La réclusion criminelle à perpétuité a été requise vendredi contre trois hauts responsables du régime syrien jugés par défaut devant la cour d'assises de Paris pour complicité de crimes contre l'humanité et de délit de guerre.

Ce procès, le premier en France pour juger les crimes du régime de Bachar al-Assad, constitue "une grande avancée pour les victimes qui ont légitimement soif de justice", a souligné dans ses réquisitions l'avocate générale, qui a par ailleurs observé que c'était "un signal pour toutes les victimes syriennes".

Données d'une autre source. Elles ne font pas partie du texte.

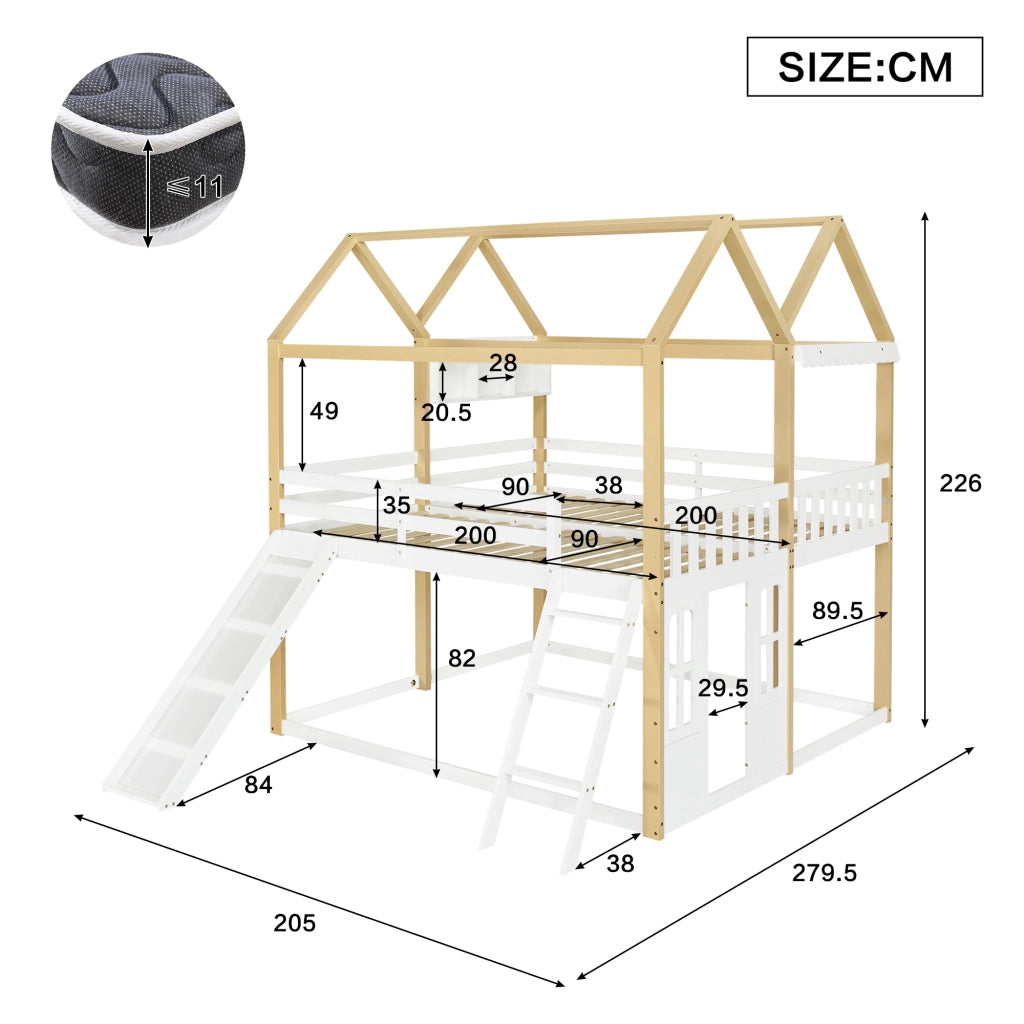 Letto a castello per bambini 90x200 cm con scivolo e scala; bianco e legno naturale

La magistrate a demandé qu'Ali Mamlouk, ex-chef du Bureau de la sécurité nationale, la plus haute instance de renseignement en Syrie, Jamil Hassan, ex-directeur des très redoutés services de renseignement de l'armée de l'Air, et Abdel Salam Mahmoud, ex-directeur de la branche investigation de ces services, soient condamnés à la réclusion criminelle à perpétuité.

Elle a aussi réclamé le maintien des effets des mandats d'arrêt internationaux les visant.

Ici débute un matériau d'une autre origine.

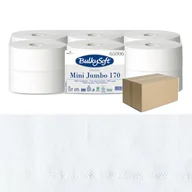 Papier toaletowy - Papier toaletowy mini jumbo długi 170m biały gładki 2 warstwy Bulkysoft Premium 72 rolek - miniaturka - grafika 1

Ces trois hommes, qui se trouvent vraisemblablement encore en Syrie, étaient absents au procès et donc jugés par défaut, une possibilité offerte dans le système judiciaire français. Ils n'ont par ailleurs mandaté aucun avocat pour les défendre à l'audience.

En raison de leur place dans la chaîne hiérarchique, ils sont soupçonnés d'avoir joué un rôle dans la disparition forcée et la mort de Mazzen Dabbagh et de son fils Patrick.

Ces deux Franco-Syriens ont été arrêtés à Damas en 2013 et transférés dans le centre de détention de l'aéroport de Mezzeh, tenu par les redoutés services de renseignement de l'armée de l'Air. Ils n'ont plus donné signe de vie jusqu'à être déclarés morts en août 2018.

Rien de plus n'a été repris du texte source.